• _REQUIREMENT_: Report, from the records below, every line where the word "Knuffel" appears.

── MATERIAL PROVIDED

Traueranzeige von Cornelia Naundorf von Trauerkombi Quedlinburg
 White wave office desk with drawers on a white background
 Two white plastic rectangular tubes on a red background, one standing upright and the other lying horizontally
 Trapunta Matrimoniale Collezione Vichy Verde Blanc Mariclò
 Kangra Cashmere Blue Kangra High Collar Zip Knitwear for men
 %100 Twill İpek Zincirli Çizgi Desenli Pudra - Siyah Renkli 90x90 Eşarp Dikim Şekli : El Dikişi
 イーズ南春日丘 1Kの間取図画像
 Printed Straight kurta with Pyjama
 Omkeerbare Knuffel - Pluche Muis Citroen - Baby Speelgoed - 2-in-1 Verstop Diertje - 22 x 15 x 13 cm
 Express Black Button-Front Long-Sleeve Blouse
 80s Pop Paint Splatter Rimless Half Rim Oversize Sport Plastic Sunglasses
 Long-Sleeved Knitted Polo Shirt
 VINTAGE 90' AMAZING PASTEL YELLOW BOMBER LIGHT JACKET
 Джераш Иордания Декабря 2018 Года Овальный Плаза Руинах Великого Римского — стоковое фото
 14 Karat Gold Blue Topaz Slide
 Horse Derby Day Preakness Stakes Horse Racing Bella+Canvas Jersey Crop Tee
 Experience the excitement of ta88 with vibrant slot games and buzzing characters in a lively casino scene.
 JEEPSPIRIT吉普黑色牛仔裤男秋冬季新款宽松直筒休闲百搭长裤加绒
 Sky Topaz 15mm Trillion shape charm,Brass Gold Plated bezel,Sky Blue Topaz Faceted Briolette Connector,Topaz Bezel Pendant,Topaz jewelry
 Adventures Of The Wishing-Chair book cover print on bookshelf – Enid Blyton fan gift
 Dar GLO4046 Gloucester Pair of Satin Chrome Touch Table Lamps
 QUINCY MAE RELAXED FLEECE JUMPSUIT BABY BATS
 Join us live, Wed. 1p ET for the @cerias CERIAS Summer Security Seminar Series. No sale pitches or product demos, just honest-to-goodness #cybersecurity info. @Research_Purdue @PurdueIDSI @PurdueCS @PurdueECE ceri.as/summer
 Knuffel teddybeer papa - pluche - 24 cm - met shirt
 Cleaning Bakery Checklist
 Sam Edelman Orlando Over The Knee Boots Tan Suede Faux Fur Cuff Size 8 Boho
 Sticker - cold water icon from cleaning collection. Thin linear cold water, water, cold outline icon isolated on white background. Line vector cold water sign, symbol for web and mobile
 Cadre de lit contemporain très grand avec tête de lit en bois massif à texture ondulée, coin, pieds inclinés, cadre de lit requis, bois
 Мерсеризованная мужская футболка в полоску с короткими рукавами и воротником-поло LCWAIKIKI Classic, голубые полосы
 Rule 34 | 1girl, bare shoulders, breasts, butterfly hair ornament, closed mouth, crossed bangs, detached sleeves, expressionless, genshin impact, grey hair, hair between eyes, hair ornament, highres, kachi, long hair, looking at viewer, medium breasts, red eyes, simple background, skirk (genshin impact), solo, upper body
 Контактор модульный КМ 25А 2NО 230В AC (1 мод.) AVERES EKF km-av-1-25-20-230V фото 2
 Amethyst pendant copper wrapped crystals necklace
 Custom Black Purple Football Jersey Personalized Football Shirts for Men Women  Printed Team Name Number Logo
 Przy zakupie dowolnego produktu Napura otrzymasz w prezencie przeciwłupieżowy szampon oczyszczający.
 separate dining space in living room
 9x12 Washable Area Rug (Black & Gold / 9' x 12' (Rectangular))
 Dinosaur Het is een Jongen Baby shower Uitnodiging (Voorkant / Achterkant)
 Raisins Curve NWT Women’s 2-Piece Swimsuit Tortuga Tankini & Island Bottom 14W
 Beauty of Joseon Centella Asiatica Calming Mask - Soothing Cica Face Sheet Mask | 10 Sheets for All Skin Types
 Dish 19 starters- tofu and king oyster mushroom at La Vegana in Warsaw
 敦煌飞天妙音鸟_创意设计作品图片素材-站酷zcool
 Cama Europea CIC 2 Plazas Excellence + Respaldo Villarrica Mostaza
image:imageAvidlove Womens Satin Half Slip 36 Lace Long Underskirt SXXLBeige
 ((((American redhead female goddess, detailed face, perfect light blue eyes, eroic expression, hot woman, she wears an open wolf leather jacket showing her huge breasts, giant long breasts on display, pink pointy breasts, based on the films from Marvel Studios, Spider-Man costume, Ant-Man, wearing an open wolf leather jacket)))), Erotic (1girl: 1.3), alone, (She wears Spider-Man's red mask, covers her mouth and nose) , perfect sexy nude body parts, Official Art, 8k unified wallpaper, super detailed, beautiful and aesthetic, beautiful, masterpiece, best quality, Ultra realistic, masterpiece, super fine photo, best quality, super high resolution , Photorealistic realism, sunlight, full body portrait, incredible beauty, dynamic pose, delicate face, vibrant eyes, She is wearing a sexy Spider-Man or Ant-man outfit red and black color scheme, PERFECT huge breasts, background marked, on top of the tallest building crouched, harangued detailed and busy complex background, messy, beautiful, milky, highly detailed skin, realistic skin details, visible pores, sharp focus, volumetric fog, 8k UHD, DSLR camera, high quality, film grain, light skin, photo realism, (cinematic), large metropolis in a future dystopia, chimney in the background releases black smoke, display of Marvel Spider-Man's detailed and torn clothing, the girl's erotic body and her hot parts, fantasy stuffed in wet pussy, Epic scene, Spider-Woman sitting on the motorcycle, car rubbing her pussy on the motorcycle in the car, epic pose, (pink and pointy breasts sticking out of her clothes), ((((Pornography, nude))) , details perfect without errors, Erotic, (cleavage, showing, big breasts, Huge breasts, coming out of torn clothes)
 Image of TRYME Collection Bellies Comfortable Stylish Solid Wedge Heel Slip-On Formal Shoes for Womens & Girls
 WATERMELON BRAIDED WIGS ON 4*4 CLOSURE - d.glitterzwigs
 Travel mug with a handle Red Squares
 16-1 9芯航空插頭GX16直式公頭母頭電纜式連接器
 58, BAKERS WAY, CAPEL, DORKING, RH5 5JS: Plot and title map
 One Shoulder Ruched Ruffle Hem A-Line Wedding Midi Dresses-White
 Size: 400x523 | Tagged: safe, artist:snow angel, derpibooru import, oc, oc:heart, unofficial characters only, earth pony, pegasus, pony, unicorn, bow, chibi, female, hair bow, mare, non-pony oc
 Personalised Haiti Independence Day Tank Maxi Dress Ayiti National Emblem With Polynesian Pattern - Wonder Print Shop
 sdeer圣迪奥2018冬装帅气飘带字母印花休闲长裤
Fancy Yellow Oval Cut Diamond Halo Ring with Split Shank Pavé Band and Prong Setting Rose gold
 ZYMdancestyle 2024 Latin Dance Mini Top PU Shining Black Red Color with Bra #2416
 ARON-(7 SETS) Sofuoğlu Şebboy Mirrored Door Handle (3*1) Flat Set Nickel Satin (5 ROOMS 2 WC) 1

────

• _WRITTEN REPLY_:
 Omkeerbare Knuffel - Pluche Muis Citroen - Baby Speelgoed - 2-in-1 Verstop Diertje - 22 x 15 x 13 cm
 Knuffel teddybeer papa - pluche - 24 cm - met shirt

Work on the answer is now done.